Comparative material of Table 1 is a case where the manganese content, zinc content in the upper layer plating layer which is the second layer is outside the scope of the present invention, in addition, the conventional material 1 is a cold-rolled steel sheet not subjected to plating treatment, the middle material 2 is nickel content 12 % Zinc-nickel alloy electroplated steel sheet.

As shown in Table 1, Inventive materials 1 and 2 in accordance with the present invention can be seen that the superior in plating adhesion, phosphate treatment, water tightness and post-painting corrosion resistance than the comparative materials and conventional materials 1 and 2.

Claims (3)

In a two-layer plated steel sheet having a first plated layer and a second plated layer, the first plated layer is a zinc-nickel-chromium alloy layer composed of 5 to 20% by weight of nickel, 0.1 to 1.5% of chromium and residual zinc, per sheet steel sheet. At least 10 g / m 2; The second plating layer is an iron-zinc-manganese alloy electroplating layer composed of 5 to 30% of zinc, 0.1 to 10% of manganese and residual iron (Fe), and has a plating adhesion amount of 0.5 g / m 2 or more. Plated steel sheet. A method of producing a double-alloy coated steel sheet by forming a zinc-nickel-chromium alloy plated layer having a thickness of 10 g / m 2 or more per sheet steel sheet with a first plated layer on the surface of a steel plate, and forming a second plated layer on the first plated layer.

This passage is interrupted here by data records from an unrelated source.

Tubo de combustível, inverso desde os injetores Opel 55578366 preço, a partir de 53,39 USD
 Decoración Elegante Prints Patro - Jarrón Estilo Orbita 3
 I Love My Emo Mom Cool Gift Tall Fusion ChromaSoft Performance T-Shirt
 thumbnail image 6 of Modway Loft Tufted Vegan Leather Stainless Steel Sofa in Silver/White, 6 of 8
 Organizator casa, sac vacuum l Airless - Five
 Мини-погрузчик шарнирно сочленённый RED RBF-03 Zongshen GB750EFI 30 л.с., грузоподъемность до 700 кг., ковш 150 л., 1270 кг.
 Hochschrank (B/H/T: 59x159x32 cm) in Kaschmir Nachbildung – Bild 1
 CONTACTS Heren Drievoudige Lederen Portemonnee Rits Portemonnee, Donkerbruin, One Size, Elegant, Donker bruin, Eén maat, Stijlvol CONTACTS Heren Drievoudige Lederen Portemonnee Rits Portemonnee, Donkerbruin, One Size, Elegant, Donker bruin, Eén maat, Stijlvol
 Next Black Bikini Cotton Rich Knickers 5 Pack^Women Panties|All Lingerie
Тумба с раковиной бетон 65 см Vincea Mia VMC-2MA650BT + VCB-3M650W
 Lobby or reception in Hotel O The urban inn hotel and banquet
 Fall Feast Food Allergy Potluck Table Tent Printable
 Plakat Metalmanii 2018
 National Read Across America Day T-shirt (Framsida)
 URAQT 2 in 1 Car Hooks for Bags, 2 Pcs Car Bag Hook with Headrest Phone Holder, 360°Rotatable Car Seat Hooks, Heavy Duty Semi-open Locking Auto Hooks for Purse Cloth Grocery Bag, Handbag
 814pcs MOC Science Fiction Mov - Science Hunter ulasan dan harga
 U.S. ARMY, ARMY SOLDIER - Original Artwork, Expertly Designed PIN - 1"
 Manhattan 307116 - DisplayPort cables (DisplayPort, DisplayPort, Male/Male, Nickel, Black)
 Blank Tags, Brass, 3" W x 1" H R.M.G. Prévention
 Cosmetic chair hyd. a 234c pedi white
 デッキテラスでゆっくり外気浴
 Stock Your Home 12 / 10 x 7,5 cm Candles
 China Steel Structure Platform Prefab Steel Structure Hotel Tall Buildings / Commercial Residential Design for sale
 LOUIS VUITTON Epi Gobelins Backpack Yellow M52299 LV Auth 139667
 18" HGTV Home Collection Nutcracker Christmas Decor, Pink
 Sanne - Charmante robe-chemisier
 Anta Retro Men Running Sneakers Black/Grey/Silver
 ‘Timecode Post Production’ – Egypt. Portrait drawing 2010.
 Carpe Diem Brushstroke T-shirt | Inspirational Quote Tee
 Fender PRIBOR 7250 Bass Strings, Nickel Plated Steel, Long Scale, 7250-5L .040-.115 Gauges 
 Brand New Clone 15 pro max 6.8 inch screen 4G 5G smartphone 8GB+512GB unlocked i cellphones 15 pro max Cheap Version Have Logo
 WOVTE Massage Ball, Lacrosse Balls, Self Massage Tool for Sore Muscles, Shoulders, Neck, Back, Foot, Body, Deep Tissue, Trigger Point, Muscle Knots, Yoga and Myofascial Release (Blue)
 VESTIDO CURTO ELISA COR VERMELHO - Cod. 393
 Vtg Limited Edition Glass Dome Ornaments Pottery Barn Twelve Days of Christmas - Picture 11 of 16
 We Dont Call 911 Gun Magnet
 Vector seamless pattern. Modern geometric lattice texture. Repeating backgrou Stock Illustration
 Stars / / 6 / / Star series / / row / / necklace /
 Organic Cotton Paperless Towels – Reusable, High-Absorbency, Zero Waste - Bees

Hydrochloric acid containing zinc and manganese ions added to the electroplating bath, the total concentration of ferrous ions, zinc ions, and manganese ions is 0.5 mol / l to the solubility limit, and the zinc and manganese ions in the total metal ion concentration are 1 To 40 mol%, a chloride ion concentration of at least 5.0 mol / l, a chloride bath having a pH of 1.0 to 4.0, forming a chloride bath having a current density of 20 to 250 A / dm 2 and a relative flow rate. Electroplating under the electrolytic conditions of 20-200m / min to form an iron-zinc-manganese alloy electroplating layer having a plating deposition amount of at least 0.5 g / m 2 as a second plating layer. . The method of claim 2, wherein the first plating layer is composed of 150-210 g / l ZnCl ₂ , 20-50 g / l NiCl ₂ , 350-400 g / l KCL, and 1.0-30 g / l CrCl ₃ , wherein the pH is A plating bath having a thickness of 2.0 to 4.0 is formed, and the plating bath is electroplated under electrolytic conditions with a plating solution temperature of 55-65 ° C., a relative flow rate of 30-120 m / min, and a current density of 20-150 A / dm 2. Method for producing a two-layer alloy plated steel sheet characterized in that the forming.